Quan Ngoc Minh (Chan) is a dangerously hypercompetent ex-military guy who is lovingly devoted to his daughter Fan (Katie Leung). Unfortunately for Quan, Fan is not taken or kidnapped at the start of the film, she’s blown up. Convinced that high-ranking Irish minister Liam Hennessy (Pierce Brosnan) knows who the bombers are, Quan relentlessly hounds Hennessy with steadily escalating violence and destruction to get him to give up the names.
The Foreigner is based on the novel The Chinaman, which was published in 1992, way back when bombings carried out by the Irish Republican Army were all over the news. Which leads to the first problem. To a modern American audience, IRA is a retirement account, not a terrorist organization. Not having lived through it, and having pretty short memories anyway, most Americans can’t really identify with the fear of renewed British/Irish hostility that drives most of the plot, so much of the film’s tension is lost.

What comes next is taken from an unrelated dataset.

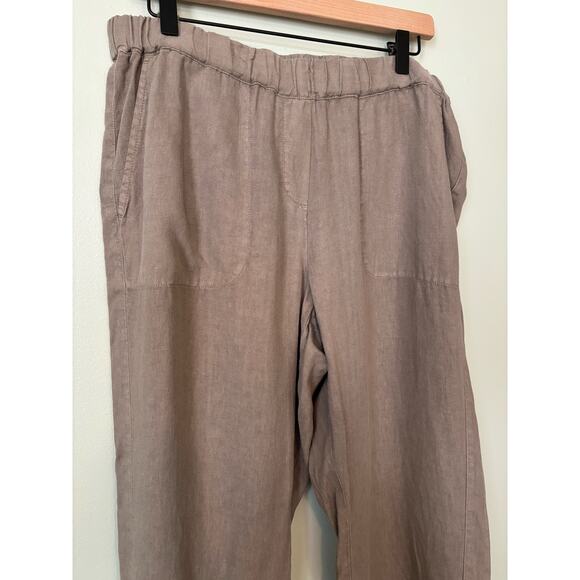 J. Jill Linen Light Green Cropped Linen Pants Large Petite - Picture 2 of 7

Jackie Chan’s performance can best be described as monotonous and monotonal. He apparently decided that being serious meant remaining silent and expressionless throughout most of the film and delivering what few lines he had without a trace of emotion. Maybe he was trying to portray a man broken beyond the point of having anything left to lose, but he seemed more like a robot methodically performing a series of programmed tasks.
This is made worse by a parallel storyline that renders Quan largely irrelevant. Hennessy spends most of the movie walking a tightrope between the British government and his Irish compatriots. He desperately and genuinely tries to find a solution to a very nasty problem. He’s highly motivated to get to the bottom of things with or without Quan blowing up his stuff, and ultimately Quan’s antics serve as little more than an aggravating distraction on top of everything else Hennessy has to deal with. Ninety-five percent of what happens would have happened anyway if Quan had just stayed home and moped. Hennessy’s political maneuvering and the efforts of British law enforcement would have led to almost exactly the same outcomes if Quan had done nothing. Quan’s presence actually detracts from what might otherwise have been a reasonably entertaining political thriller.

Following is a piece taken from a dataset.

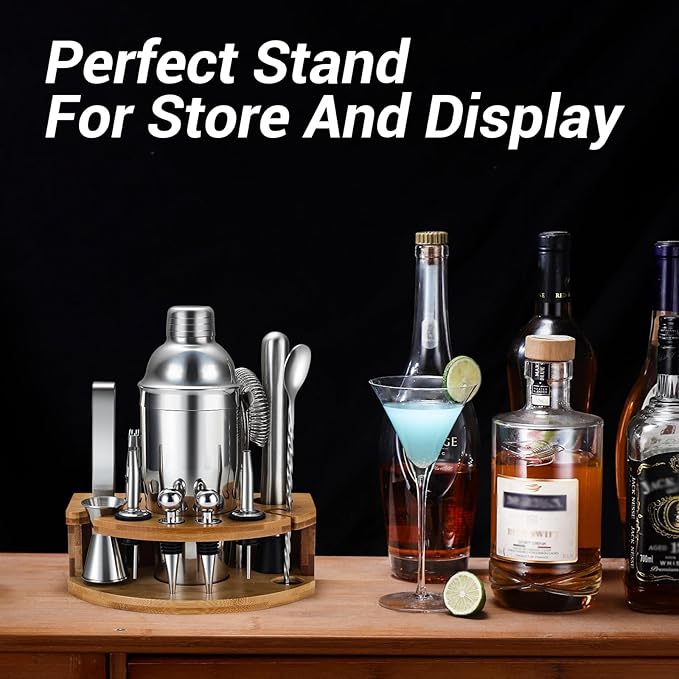 Cocktail Shaker Set Bartender Kit with Stand, 12 Piece Drink Mixer Set with Stainless Steel Bar Accessories Tools: 25oz Martini Shaker Jigger Strainer Spoon Muddler for Cocktails (Silver)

The action sequences do stand out as particularly well done, although there are not nearly as many of them as the trailer leads you to believe. The fight choreography is excellent. Quan is a once formidable fighter long past his prime, and the fight sequences do an excellent job of conveying that. There are a few moments that fleetingly harken back to Jackie Chan’s crazy fights of old, but it’s not too over the top. It does get a bit silly for a while when Hennessy tries to take refuge at his country house and Quan engages in the kind of farcical jungle fighting that Sylvester Stallone and Arnold Schwarzenegger were doing in the 80s, but it’s not too awful and can largely be forgiven.
All things considered, The Foreigner gives us a movie primarily about Northern Irish politics, a wooden protagonist irrelevant to the plot, and some good fight scenes.